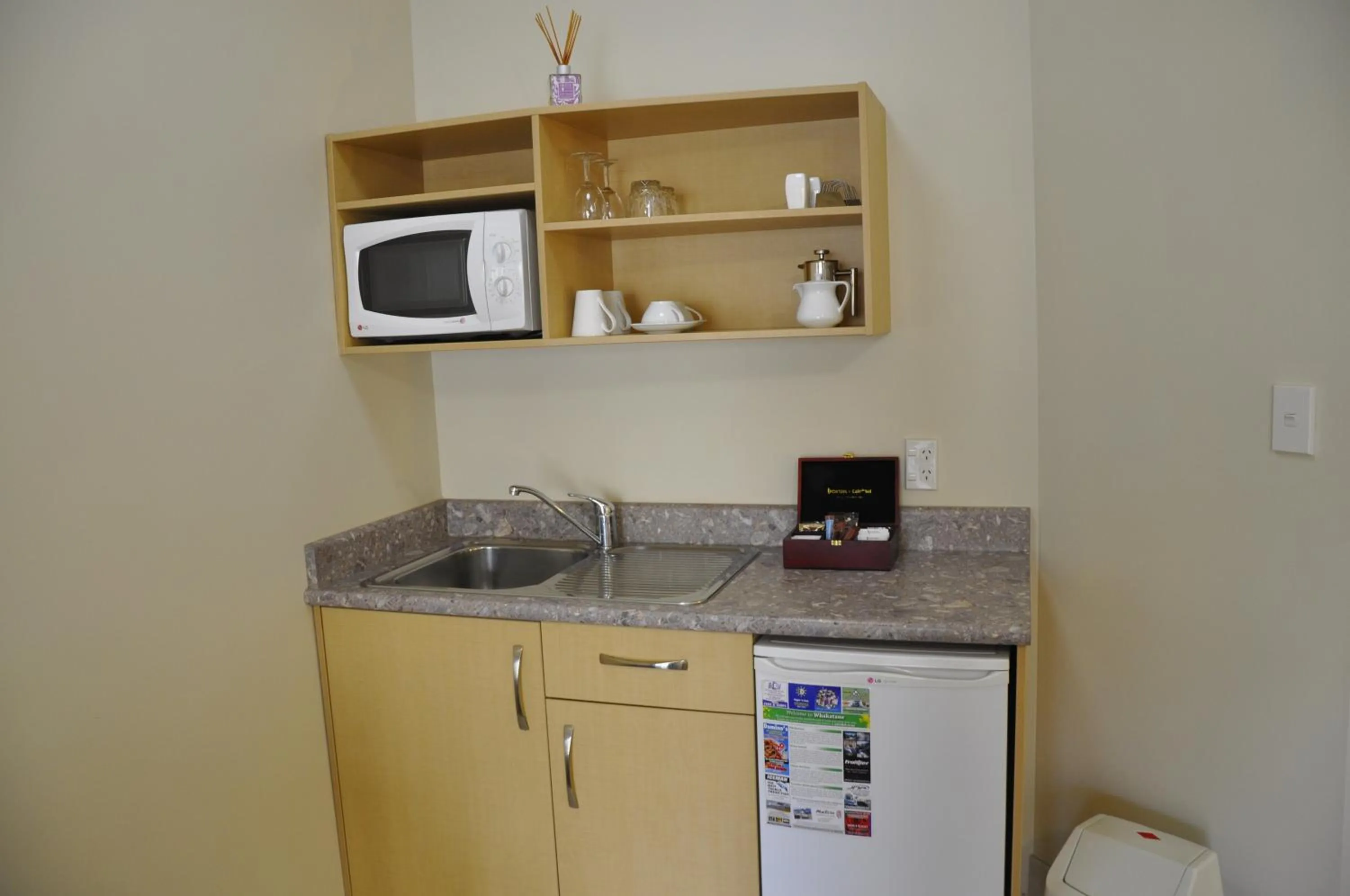 Kitchen or kitchenette in Tuscany Villas Whakatane
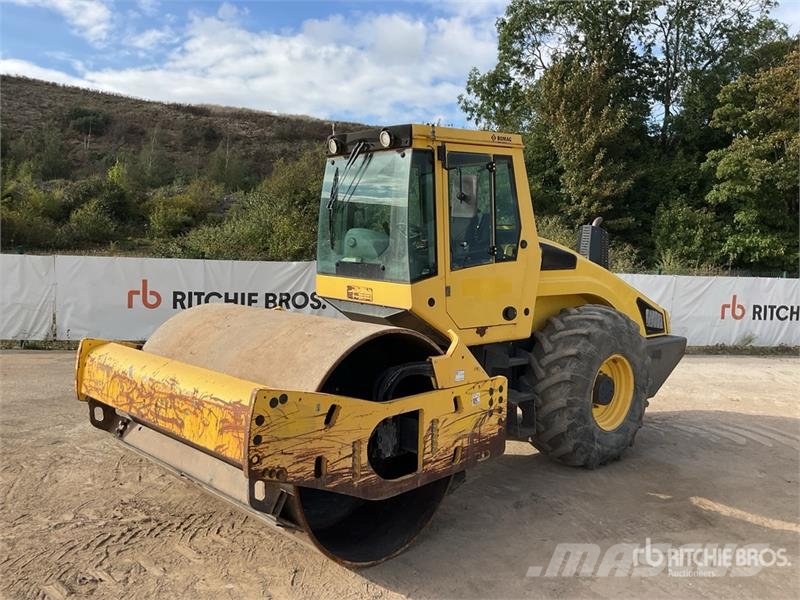 Bomag BW213DH-4i Smooth Drum Compactor Single drum rollers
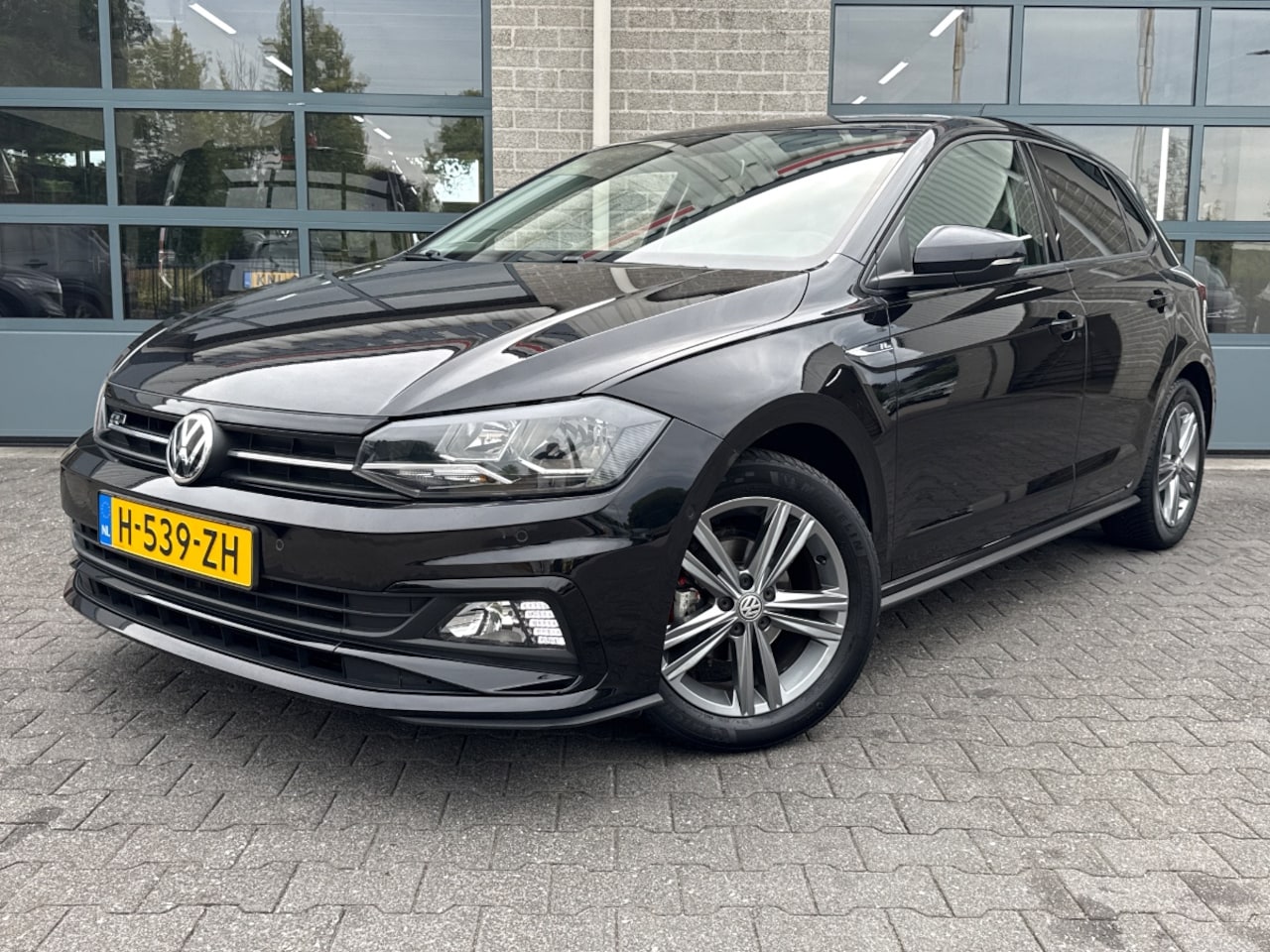 Volkswagen Polo - 1.0 TSI R-Line |1E EIGENAAR|CARPLAY| - AutoWereld.nl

### Task requirements
Each line from the one holding "Bomag BW213DH-4i Smooth" through the end of the listing is to be output exactly, both ends included, with no other lines and the pictures left out.

### Solution to the problem
 Bomag BW213DH-4i Smooth Drum Compactor Single drum rollers
 Volkswagen Polo - 1.0 TSI R-Line |1E EIGENAAR|CARPLAY| - AutoWereld.nl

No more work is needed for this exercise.